When we’re finished making these additions, we’ll have to restart all of the nodes and the cluster.  That means we’ll have to shut down all of the nodes first, before we start them again, so that there’s a new cluster.

We'll neeed to export the data from the master using a utility like ``mysqldump`` with the ``--flush-logs`` and ``--master-data`` options.  We'll also need to create a user account on the master that has the IP address of the slave |---| with the ``REPLICATION SLAVE`` privilege.

.. code-block:: text

   GRANT REPLICATION SLAVE ON *.*
   TO 'replicator'@'172.31.31.75'
   IDENTIFIED BY 'Rover123!';

Now we can configure the slave. Again, the slave is not a node in the Galera cluster.  It’s an extra server that will be replicating the transactions of one of the Galera nodes.


.. rst-class:: sub-heading
.. rubric:: Galera Slave Configuration & Preparation

To attach a server to a Galera node, so that it may act as a slave, we'll need to add a few lines to its configuration file.  Actually, we only need ``server-id`` and ``log-bin``.  You can see them below.  The rest are somewhat optional; They're for choosing the name and path of logs and other files.

.. code-block:: text

   [mysqld]
   ...
   server-id = 02

   log-bin = /var/log/mysql/slave-bin
   log-bin-index = /var/log/mysql/slave-bin.index
   binlog_format = MIXED

   relay-log-index = /var/lib/mysql/slave-relay-bin.index
   relay-log = /var/lib/mysql/slave-relay-bin

   read-only = 1
   innodb-read-only = 1

The only other parameter worth mentioning is the ``read-only`` option to make sure no one will edit the data.

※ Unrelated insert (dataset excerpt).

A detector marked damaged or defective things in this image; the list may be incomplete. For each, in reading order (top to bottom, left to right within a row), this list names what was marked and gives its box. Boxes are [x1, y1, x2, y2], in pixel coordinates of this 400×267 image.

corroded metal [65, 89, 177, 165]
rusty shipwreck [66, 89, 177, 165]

Once we've configured the slave, we'll need to restart it.  Then we have to load the data back-up dump file we made on the master, using the ``mysql`` client. And we'll have to execute the CHANGE MASTER statement on the slave to tell it who is the master:

.. code-block:: mysql

   CHANGE MASTER TO
   MASTER_HOST='172.31.31.202',
   MASTER_PORT=3306,
   MASTER_USER='replicator',
   MASTER_PASSWORD='Rover123!';

Once all of this is done, we’ll be ready to start replication and using the slave as a back-up source.

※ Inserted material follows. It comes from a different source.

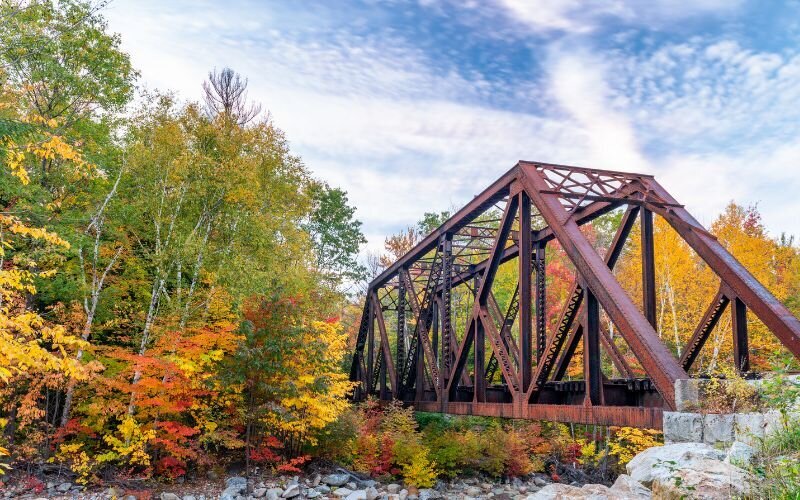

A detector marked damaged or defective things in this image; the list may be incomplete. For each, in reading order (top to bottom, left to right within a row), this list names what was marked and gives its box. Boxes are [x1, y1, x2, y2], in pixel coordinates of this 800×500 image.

rusted steel truss bridge [348, 162, 800, 428]
rusty metal surface [352, 162, 800, 428]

.. rst-class:: sub-heading
.. rubric:: Backing-Up a Slave

With replication working, making back-ups is easy.  We just need to stop the slave from replicating and then start whatever back-up utility we want to use.  We'll also copy the database configuration files.  Here's how that might be done:

.. code-block:: text

   mysql -p -u root -e "STOP SLAVE"

   mysqldump -p -u admin_backup --flush-logs --all-databases \
             > /backups/temp/backup-20191025.sql

   cp -r /etc/my.cnf* /backups/temp/

In this example, everything it being copied into a temporary sub-directory. We would then use ``tar`` to make a single archive file and zip it:

.. code-block:: text

   cd /backups

   tar -czf mysql-backup-20191025.tgz ./temp/*

That's all we have to do, except start the slave again. Actually, we could have started it before starting ``tar``.

This method works well, but it requires an extra server just for back-ups.  A better choice is to use Galera Arbitrator, to use it to conduct the back-ups.  Let’s look at its purpose and how we might utilize it for back-ups.

.. container:: banner

   .. rst-class:: section-heading
   .. rubric:: Using Galera Arbitrator

The primary function of Galera Arbitrator, the daemon called, ``garbd``, is to act as a virtual node.  When there’s a tie vote among nodes about two conflicting transactions, the Arbitrator will cast the deciding vote.  Then all of the nodes will execute the winning transaction and Galera will continue with all nodes in agreement. This is function is portrayed in the diagram here.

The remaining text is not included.